For a more in depth discussion of each waste including causes, examples, and potential solutions click the links within each description.

7 Wastes of Lean

Remove Wastes to Reduce Costs

How to Remember the 7 Wastes

There are a couple of Simple Mnemonics that you can use to help you remember the 7 Wastes. The first is to ask your self “Who is TIM WOOD?”

TIMWOOD

  1. Transport
  2. Inventory
  3. Motion
  4. Waiting
  5. Over Processing
  6. Over Production
  7. Defects

TimWood comes from Standard-Cooper in the UK where I first started my career as a young Quality Engineer in the Automotive Industry. It is now probably the most recognized way of remembering the seven wastes.

An alternative is

WORMPIT;

  1. Waiting
  2. Over Production
  3. Rejects
  4. Motion
  5. Processing
  6. Inventory
  7. Transport

Using either TIMWOOD or WORMPIT will help you to remember your seven wastes, very useful if you are training others and have to list them out on a board.

 

What Exactly is Waste?

The simplest way to describe waste is as “Something that adds no Value.” Our customers would not be happy to pay for any action that we take that does not add value to what they actually want and nor should we be.
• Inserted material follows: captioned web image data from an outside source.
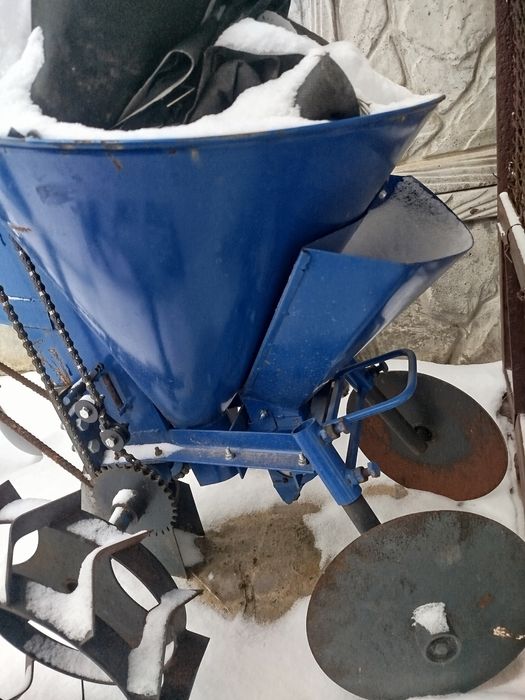 Продам мотоблок дизельный 12 л/с, фреза.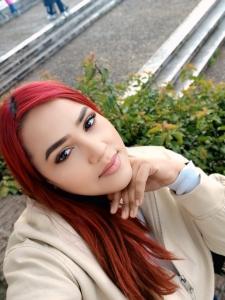 612259980: Chica busca chico en Sevilla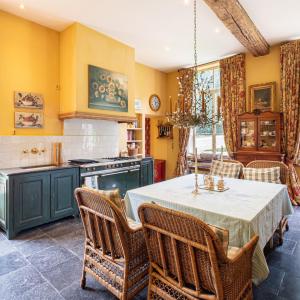 Château édifié en 1756 sur un terrain de 5.9 hectares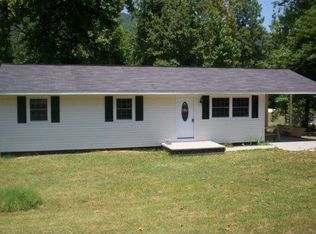 322 Lee Village Dr, Harriman, TN 37748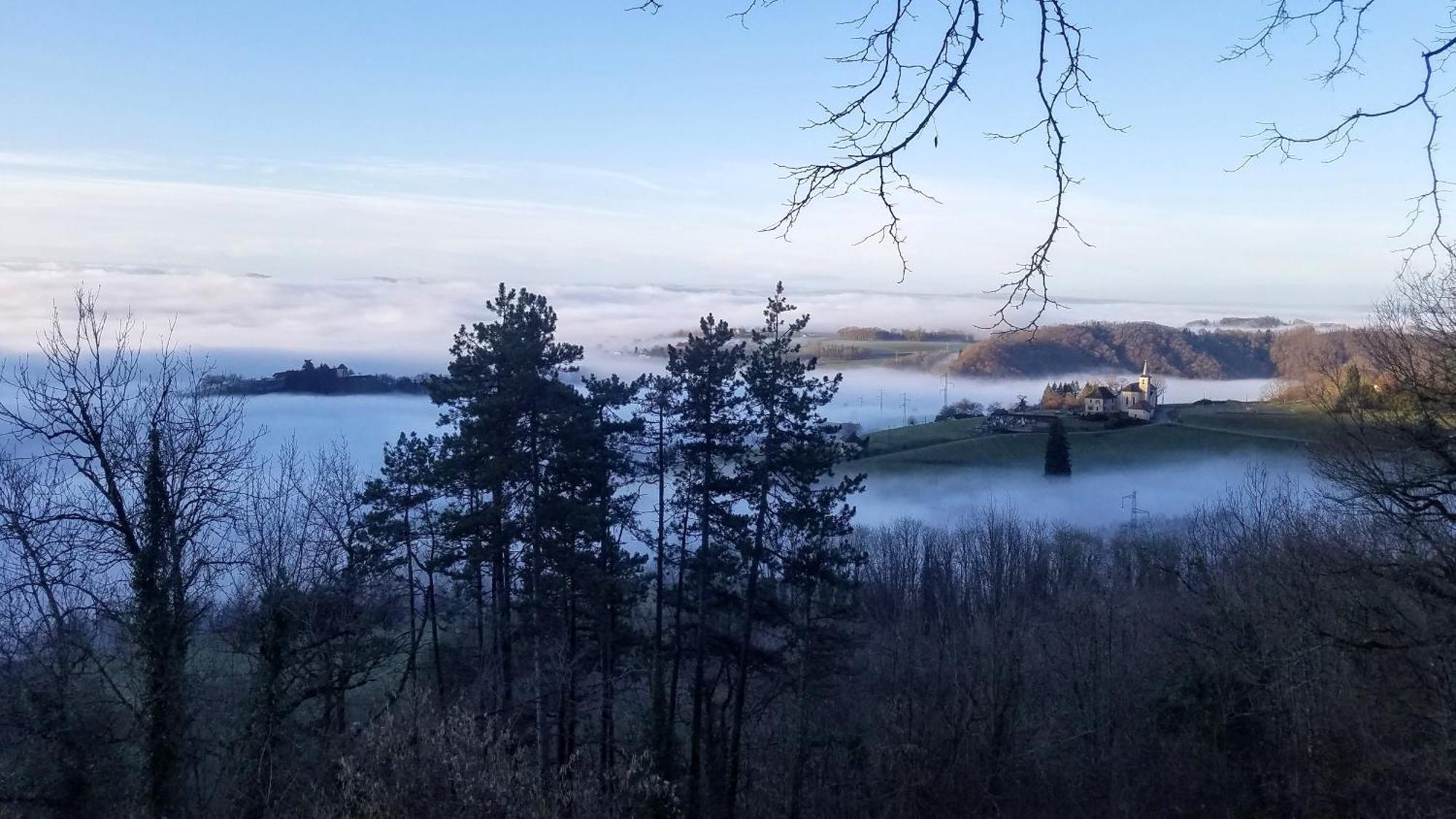 Un Pied Devant L'Autre Sainte-Marie-D'Alvey Εξωτερικό φωτογραφία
Would you be happy if you received a bill in a restaurant that included a meal that was prepared in error? No; you would argue and demand that it was removed from your bill; yet if you buy a product in a store the price that you pay will contain costs that you would not want to pay. Would you want to pay for the machine operators wages whilst they sat idle waiting for a delivery, or for the rework processes that had to be undertaken because the machine was incorrectly set, or even for storing your product for three months before it was delivered to the store?  These wastes are included within the cost of your products, either inflating the price you pay or reducing the profit of the company.

 

Why Remove Waste?

Your companies Profit is your selling price less your costs, no matter how you think about the selling price it is very much dictated by the market not by yourself. If you charge too much then your customers will go elsewhere, even if you charge too little you may lose customers as they will perceive there may be something wrong with what you are offering. Therefore the only way you have to improve your profits are to reduce your costs; this means removing all elements of waste from your processes.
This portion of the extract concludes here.